_Data in this exercise:_
====
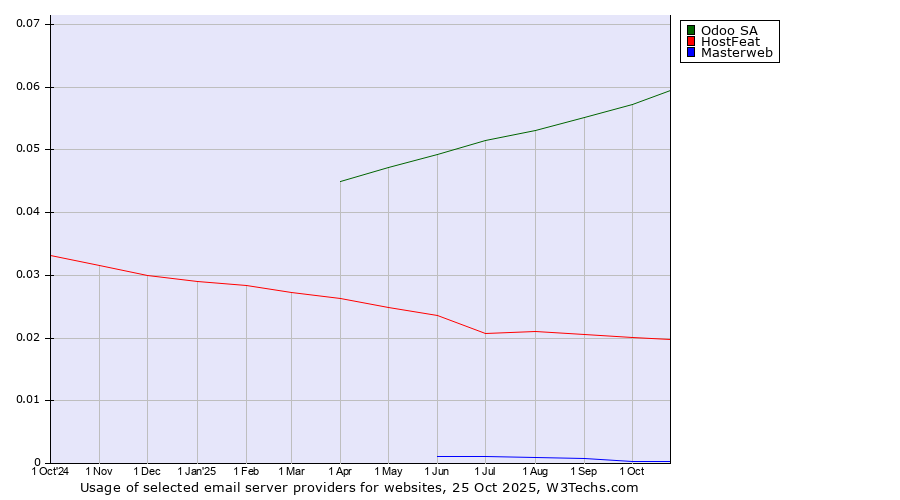 Historical trends in the usage of Odoo SA vs. HostFeat vs. Masterweb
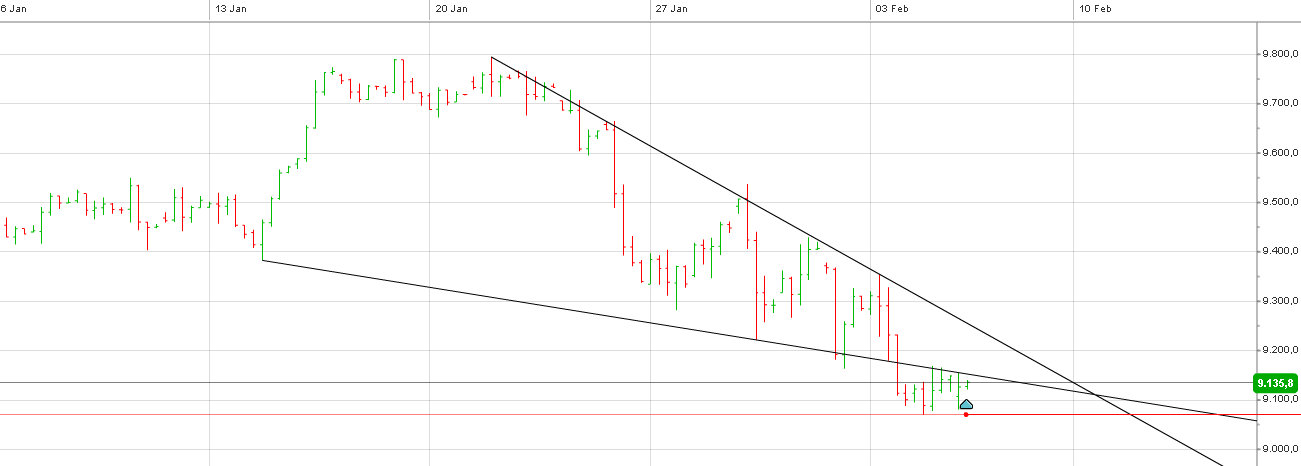 Ich lebe von der Börse und ich lebe gut !! 691244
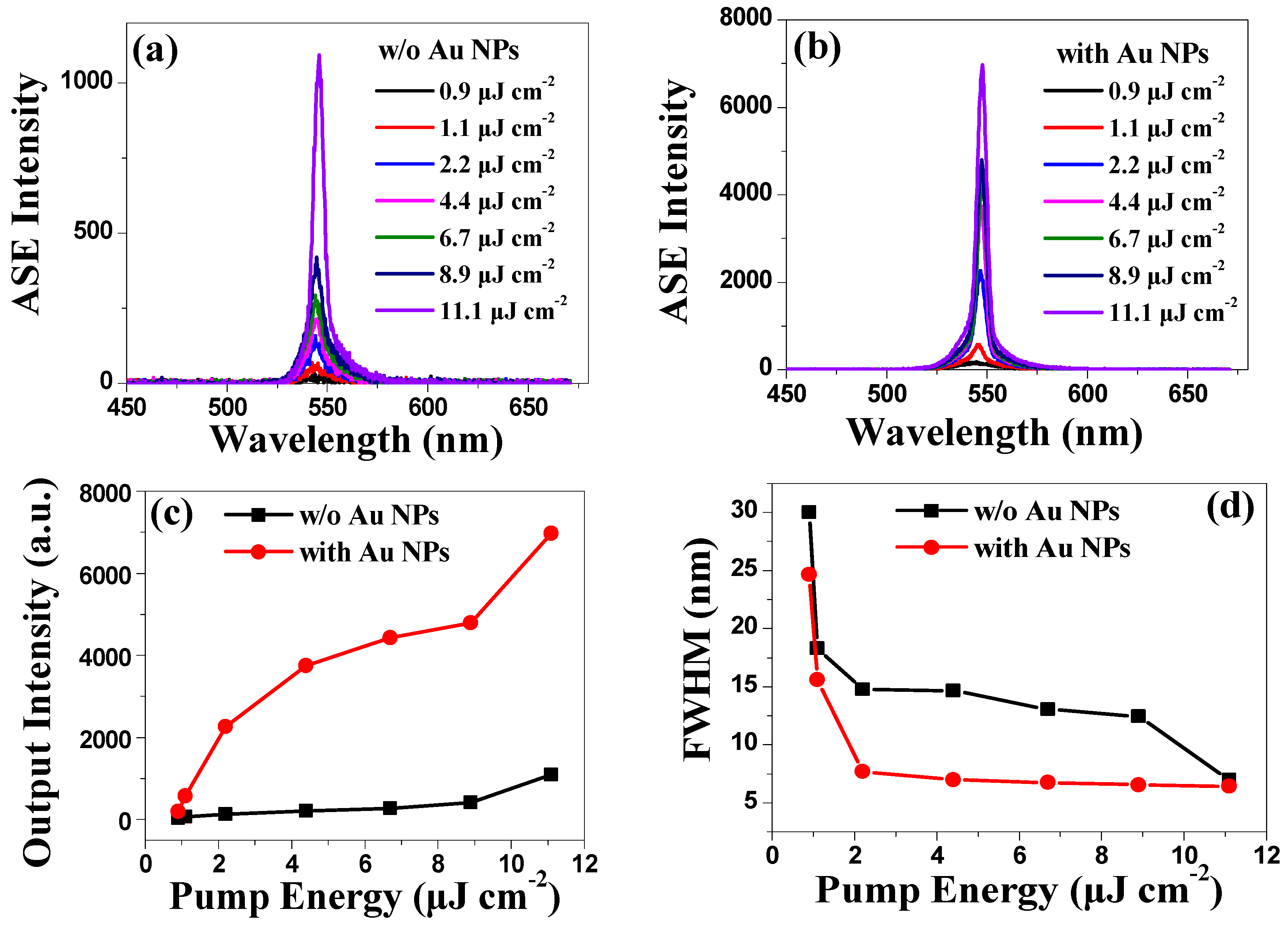 Crystals 08 00124 g004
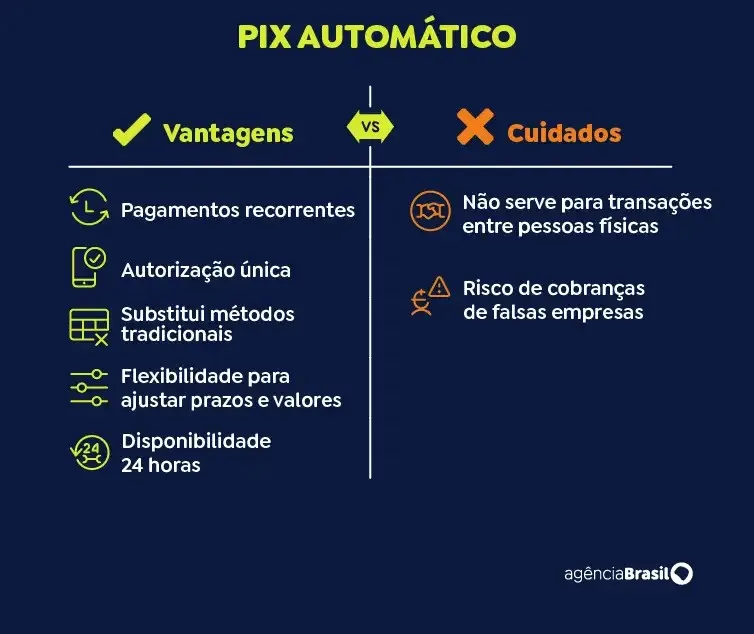 Pix automático passa a ser obrigatório em todo o país; entenda 4 Pix Automatico arte Agencia Brasil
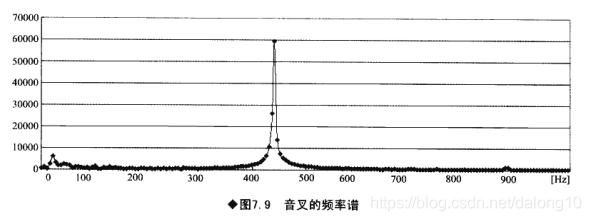 神经网络提取傅里叶分解后的频域特征 傅里叶分解实验步骤_神经网络提取傅里叶分解后的频域特征_23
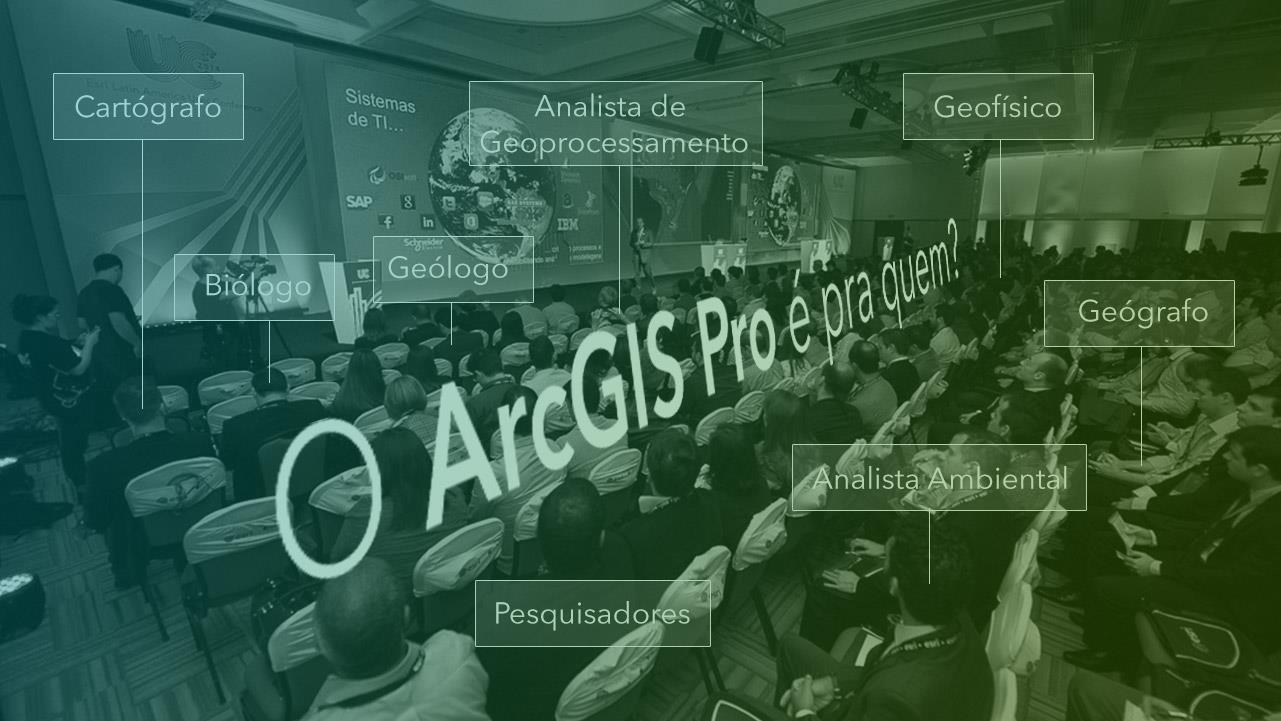 O ArcGIS Pro é para quem?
====
_Problem description:_ The lines to retype run from the one containing "Crystals 08 00124 g004" through the last line of the records above; write them exactly and skip the pictures.

_Answer space:_
 Crystals 08 00124 g004
 Pix automático passa a ser obrigatório em todo o país; entenda 4 Pix Automatico arte Agencia Brasil
 神经网络提取傅里叶分解后的频域特征 傅里叶分解实验步骤_神经网络提取傅里叶分解后的频域特征_23
 O ArcGIS Pro é para quem?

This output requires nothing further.